Dua Puluh Empat

94 10 0
                                    

        
         Di kantor Alika, suasana tidak begitu ramai dengan pelanggan. Namun Alika tetap berusaha menyibukkan diri dengan kegiatan apapun. Semua itu demi mengusir bayang wajah mantan kekasih dari pikirannya.

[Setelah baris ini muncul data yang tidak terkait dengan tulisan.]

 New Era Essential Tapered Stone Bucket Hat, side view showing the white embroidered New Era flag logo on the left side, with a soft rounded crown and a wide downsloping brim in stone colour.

Kebiasaan langka itu, tentunya menyita perhatian orang yang ada di kantornya. Namun demikian, mereka sama membiarkan Alika melakukan apa pun yang ia kerjakan.

          Melirik jam digital di ponselnya, ia agak terkejut. Karena jam sudah menunjukkan waktu istirahat. Dan entah mengapa, matanya meminta di istirahatkan. Jadilah ia berpamitan pada sahabatnya untuk tidur sejenak.

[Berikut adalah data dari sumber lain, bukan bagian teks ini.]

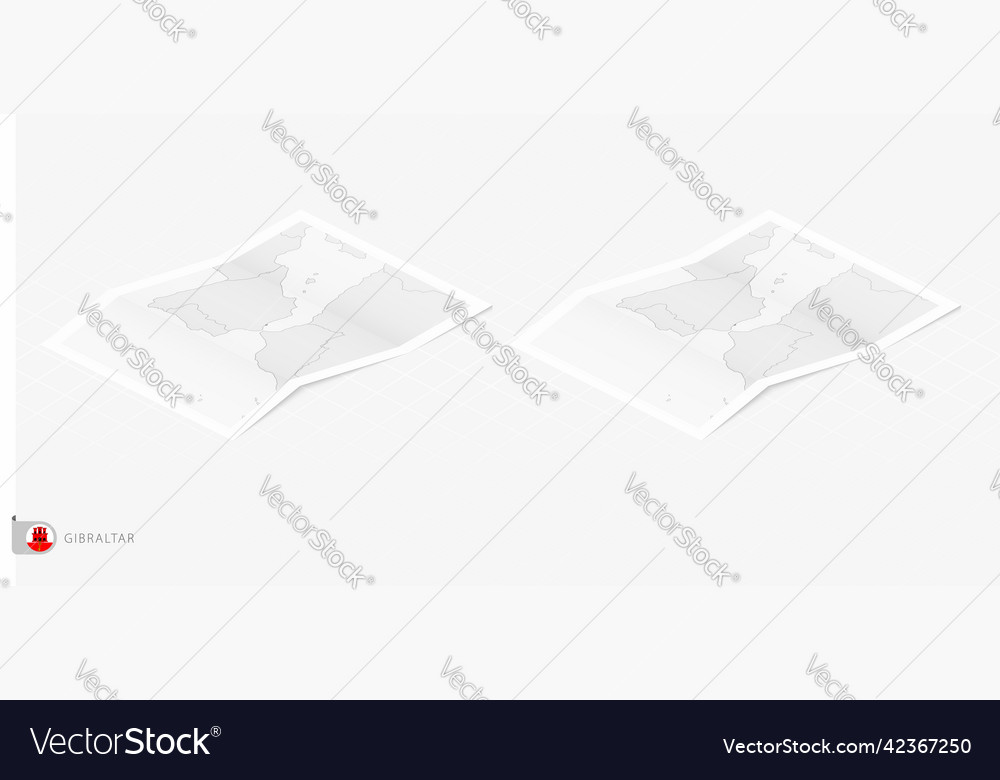 Set of two realistic map gibraltar with shadow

"Arvi, gue istirahat dulu ya?. Mata gue nggak tahu kenapa ngantuk banget,"

"Iya. Elo istirahat aja, dari pagi gue lihat elo nggak baik-baik aja. Tidur gih, siapa tahu baikan"

"Iya. Kayaknya gue kecapaian. Ya udah, gue masuk dulu. Entar kalau ada yang butuh gue, bangunin aja" pesannya.

"Iye."

Alika pun segera masuk ke dalam ruangannya. Ia ingin tidur sejenak. Rasa kantuk benar-benar tidak bisa ia toleransi lagi.

                               💔💔💔

           Sekitar tiga puluh menit dari Alika tidur, dua mobil nampak masuk ke halaman kantor Alika. Hal itu tentu mengundang tanya bagi orang-orang Alika dan beberapa pelanggan yang kebetulan ada disana.

Dua mobil itu sama-sama terbuka pintunya. Seorang perempuan paruh baya nampak keluar dari mobil sebelah kanan. Dan dari sebelah kiri, nampak seorang pemuda ber jas juga keluar dari mobilnya.

Kedua orang yang tidak saling kenal itu, saling melempar senyum. Sebelum akhirnya si ibu paruh baya lebih dulu masuk. Sementara sang pemuda masih berdiri di samping mobilnya untuk menerima telpon.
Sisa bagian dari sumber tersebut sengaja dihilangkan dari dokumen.